Add XLA lowering pattern for TensorFlow Softmax op
PiperOrigin-RevId: 267740332
diff --git a/tensorflow/compiler/mlir/xla/tests/legalize-tf.mlir b/tensorflow/compiler/mlir/xla/tests/legalize-tf.mlir
index 1b020c0..3b94f7b 100644
--- a/tensorflow/compiler/mlir/xla/tests/legalize-tf.mlir
+++ b/tensorflow/compiler/mlir/xla/tests/legalize-tf.mlir
@@ -216,6 +216,64 @@
}
//===----------------------------------------------------------------------===//
+// Softmax op legalizations.
+//===----------------------------------------------------------------------===//
+
+// CHECK-LABEL: func @simple_softmax
+// CHECK-SAME: (%[[ARG0:.*]]: tensor<2x3xf32>)
+func @simple_softmax(%arg0: tensor<2x3xf32>) -> tensor<2x3xf32> {
+ // CHECK: %[[NEG_INF:.*]] = constant dense<0xFF800000> : tensor<f32>
+ // CHECK: %[[ZERO:.*]] = constant dense<0.000000e+00> : tensor<f32>
+
+ // Verify reduce op for max computation and its body.

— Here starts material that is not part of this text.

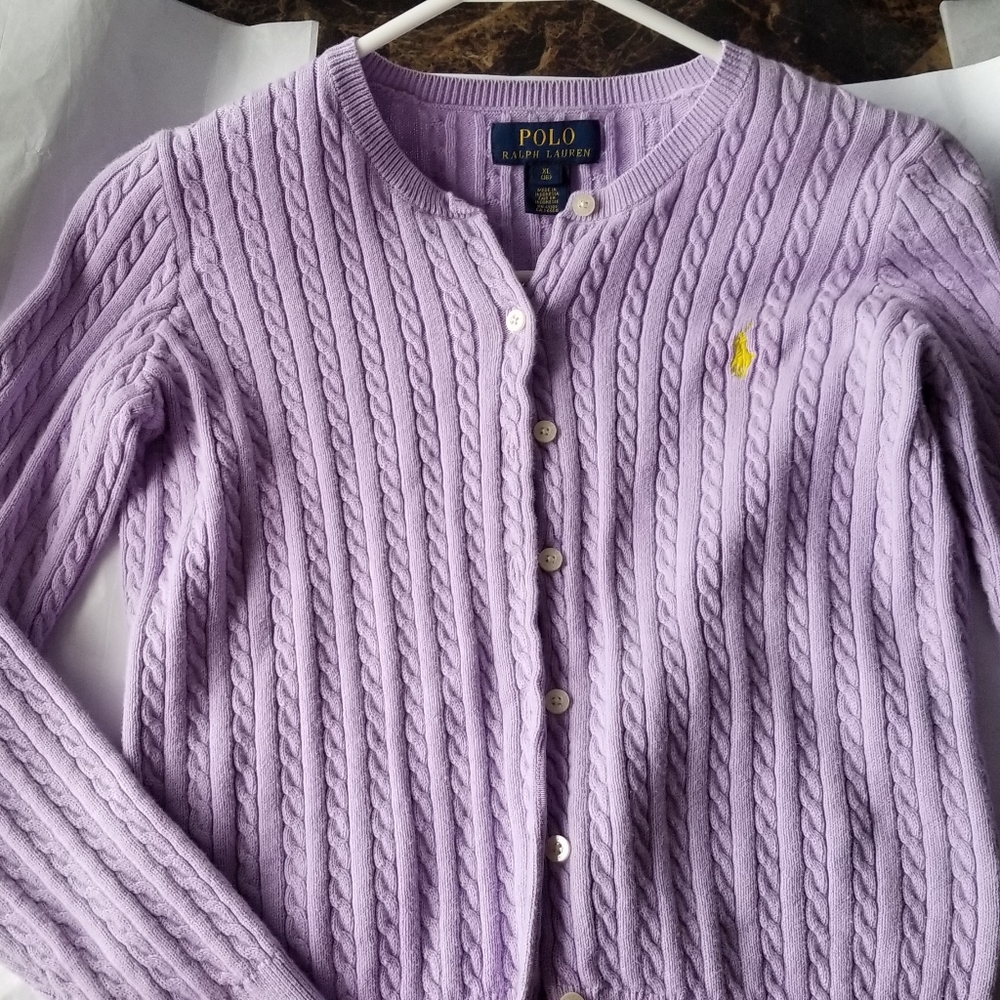 Polo/Ralph Lauren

+ // CHECK: %[[MAX:.*]] = "xla_hlo.reduce"(%[[ARG0]], %[[NEG_INF]])
+ // CHECK: xla_hlo.max
+ // CHECK: "xla_hlo.return"
+ // CHECK: {dimensions = dense<1> : tensor<1xi64>} : (tensor<2x3xf32>, tensor<f32>) -> tensor<2xf32>
+
+ // CHECK: %[[SHIFTED_INP:.*]] = "xla_hlo.sub"(%[[ARG0]], %[[MAX]]) {broadcast_dimensions = dense<0> : tensor<1xi64>}
+ // CHECK: %[[EXP:.*]] = "xla_hlo.exp"(%[[SHIFTED_INP]])
+
+ // Verify reduce op for summation and its body.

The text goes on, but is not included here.